Kennedy told FoxNews.com he based this on an analysis revealing a large number of SQL injection attacks against the healthcare.gov website, which are indicative of "a large amount" of hacking attempts.

'I would say the website is either hacked already or will be soon.'
- David Kennedy, CEO of information security firm TrustedSEC
"Based on the exposures that I identified, and many that I haven’t published due to the criticality of exposures – if a hacker wanted access to the site or sensitive information – they could get it," he told FoxNews.com.

A spokesman for the Department of Health and Human Services, which runs the nation's new healthcare website, did not immediately respond to a request to for more information.

One key problem facing Healthcare.gov is that security wasn’t built into the site from the very beginning, he said -- an opinion shared by both Kennedy and Fred Chang, the distinguished chair in cyber security at Southern Methodist University.
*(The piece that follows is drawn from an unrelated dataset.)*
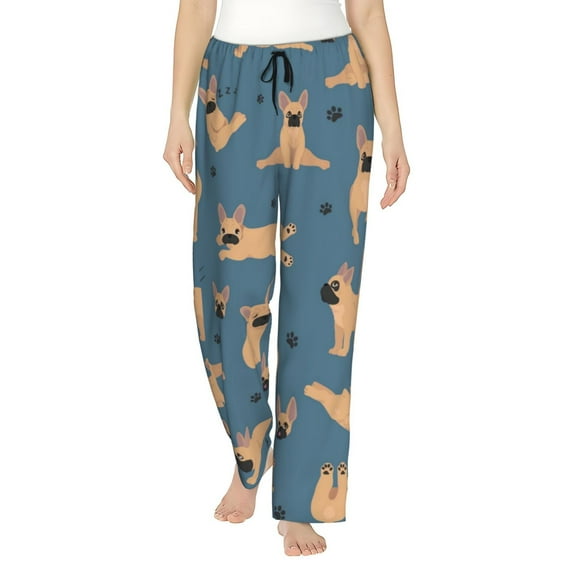 Balery French Bulldog Yoga print Women's Pajama Pants,Ultra Lightweight Pjs,Lounge Pant-Large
“There’s not a lot of security built into the site, at least that’s what we can see from a 10,000 foot view,” Kennedy told the committee. And although the site doesn’t house medical records, it integrates deeply with other sites, includes ecommerce information, and houses a vast array of data that presents a very salient target.

“It’s not only social security numbers … it’s one of the largest collections of personal data, social security and everything else, that we’ve ever seen,” Kennedy said.

Some members of the panel expressed surprise at the harsh words, noting that, among other things, people enter social security numbers all over the web. Congresswoman Eddie Johnson, D.-Texas, a member of the committee, noted too the ready availability of medical records in the past.

“Why is there such an outcry in this court when medical records have been so available [in the past],” she asked. “Is the healthcare industry lagging in these security measures?”

That’s exactly the case, said Avi Rubin, technical director of Johns Hopkins University's Information Security Institute. The healthcare industry is indeed woefully behind.

“It’s actually the most far behind in terms of security … there are even things in the operating room that surprise me. I think the healthcare it industry needs to learn a lot from some of the other industries to bring its security up to par,” Rubin said.

Rubin called for a security review of the site, but stopped short of calling for a complete tear down and rebuild of the healthcare.gov site. Others were less cautious.

“You can bolt a metal door on to make a house better, but if the foundation is bad…” Kennedy said.

All four cyber security experts unanimously concurred that, given the security issues, Americans should not use the site at present.